せっかくやりかけたので、ローカル環境でやってみたので今回はそのメモです。

LLM Sherpa

改めてLLM Sherpaについて紹介です。

RAGにおいて、PDFを始めとする文書ファイルを使用する際にはある程度トークン数が長いことがあります。 これをチャンク分割する際にはなるべく意味的なつながりを保ったまま分割することでLLMがコンテキストを認識しやすくなり、タスクの精度が高くなるメリットがあります。

PDFなどは人間から見えている文の構造と、内部で保存しているテキスト情報の構造が一致しているとは限らず、内部構造のテキストをそのまま抽出すると、人間が表現した文の構造とは異なるものになっていることがあります。 このような状況では、人間が自然に理解するように文構造を適宜解釈しつつ文を抽出することが望ましいと考えられます。

そういった目的で使用されるツールがLLM Sherpaです。

www.llamaindex.ai

Introducing LayoutPDFReader for “Context-aware” chunking. LayoutPDFReader can act as the most important tool in your RAG arsenal by parsing PDFs along with hierarchical layout information such as:

  1. Identifying sections and subsections, along with their respective hierarchy levels.
  2. Merging lines into coherent paragraphs.
  3. Establishing connections between sections and paragraphs.
  4. Recognizing tables and associating them with their corresponding sections.
  5. Handling lists and nested list structures with precision.

LLM sherpaを使用するとPDFファイルのセクション構造・階層を考慮してチャンク分割を行なってくれます。

github.com

裏側:nlm-ingestor

READMEをよく読んでみると、LLM Sherpaの裏側はこちらになってました。

github.com

nlm-ingestorでは、ルールベースで取得した座標付きテキストデータとグラフィック・フォントデータを用いたOCRを組み合わせて解析を行います。

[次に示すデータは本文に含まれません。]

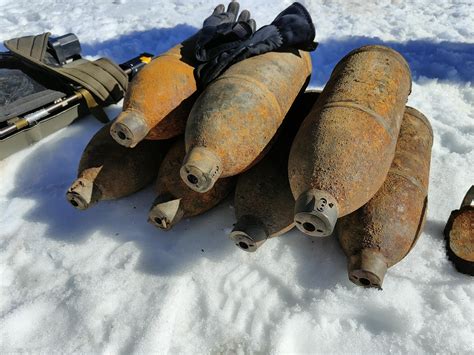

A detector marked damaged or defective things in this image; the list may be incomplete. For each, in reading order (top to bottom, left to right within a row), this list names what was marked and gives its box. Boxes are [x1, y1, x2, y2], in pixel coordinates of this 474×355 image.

また、ここではPDFの分割を対象に取り上げていますが、PDF以外の形式であっても使用できるようです。(参考)

完全ローカル環境で使ってみる

nlm-ingestorはDocker Imageも公開されており、これを呼び出すことでLLM Sherpaの裏側の実装はローカルでも実装することが可能になります。 今回は、完全にローカル環境にDockerコンテナを作ってそのうえでLLM Sherpaを使用してみます。

jupyter notebookの環境とつなげるようにしたdocker-compose.yamlはこんな感じでしょうか。

version: '3.8'
name: llmsherpa

services:
  llmsherpa:
    image: "ghcr.io/nlmatics/nlm-ingestor:latest"
  jupyter-lab:
    image: gcr.io/kaggle-images/python
    command: jupyter lab --no-browser --ip="0.0.0.0" --notebook-dir=/tmp/working --allow-root
    volumes:
      - .:/tmp/working
    ports:
      - "8888:8888"
    working_dir: /tmp/working
    environment:
      - JUPYTER_ENABLE_LAB=yes
    restart: unless-stopped

これで準備完了です、あとは使ってみます。 使ってみるとこんな感じでchunk分割されました。

chunk分割されたテキストは下から2つ目のセルになります。

chunk分割の質はともかく、視覚的構造解析をローカルで動かせることはわかりました。 精度が悪ければ、nlm-ingestorの精度を改善させれば良いので、更に突っ込んだことをしていく感じになりそうですね。

感想

以上、前回ちょっと嘘書いてしまったので、LLM Sherpaに関してちゃんとローカルで動かしてみた記事です。

それ以上でもそれ以下でもありませんが、まあ便利に使えるんじゃないでしょうか。